=== Given data ===

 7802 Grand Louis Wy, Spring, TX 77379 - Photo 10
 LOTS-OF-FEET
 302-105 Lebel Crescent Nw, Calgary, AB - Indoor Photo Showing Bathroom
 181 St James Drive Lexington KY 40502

===

> Task directions: Which of the lines above include the word "Photo"? Copy each of them.

> Response below:
 7802 Grand Louis Wy, Spring, TX 77379 - Photo 10
 302-105 Lebel Crescent Nw, Calgary, AB - Indoor Photo Showing Bathroom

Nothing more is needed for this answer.